No one can deny that becoming a parent changes you, and sometimes, that means spending more time reassessing your values and the importance of what you do with your time and your life overall. Artist and photographer Lucy Levene struggled with this.
“It’s really hard to make creative practice ‘important’ or ‘valid’ next to the work of bringing up children. I feel like it’s taken me a long time to feel it’s important again,” Lucy says.
Jewellery maker Tara McIntosh feels that it’s very important for her to maintain her artistic practice, because that’s where she gets to be ‘Tara the Artist’. ‘My children have definitely inspired me. I pay more attention to the little details by seeing things through their eyes,’ Tara says. ‘But I would also say that my artistic practice has been my safe space and outlet when I feel like I’m losing my identity in being ‘mum’.
The myriad of women that are both mothers and successful artists goes to show that creativity absolutely can and does flourish when kids are in the picture. Laurie Simmons, Annie Leibovitz, Toni Morrison, Julie Mehretu, Marlene Dumas, Cecily Brown, Chen Peiqiu and Zadie Smith are just some of the names that crop to mind.

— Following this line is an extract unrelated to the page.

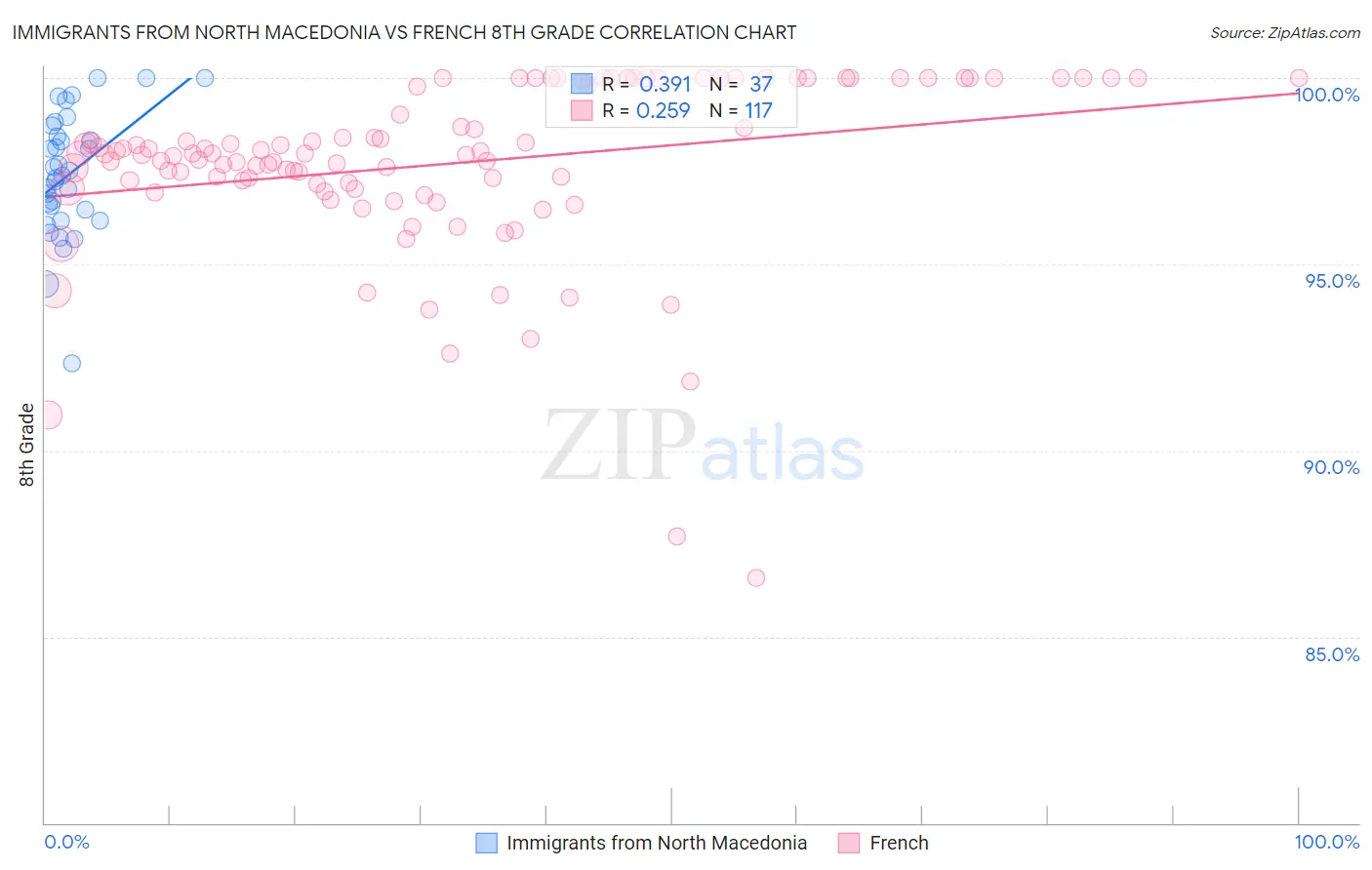 Immigrants from North Macedonia vs French 8th Grade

The idea that women must sacrifice the pleasures of motherhood for the sake of an artistic career reflects toxic double standards (after all, do we ever ask male artists whether they’re thinking of having children?) and reveals the stereotype that artists must sacrifice something in order to be a ‘good’ artist. All women have the right to choose to have children, or to choose not to have children, but it is without a shadow of a doubt that women artists who choose to have children shouldn’t feel like they have to sacrifice their careers to do so. After all, most creative parents say that once you adapt to the challenges of parenthood, the experience makes you more efficient, focused, and inspired to think in ways you hadn’t previously thought possible.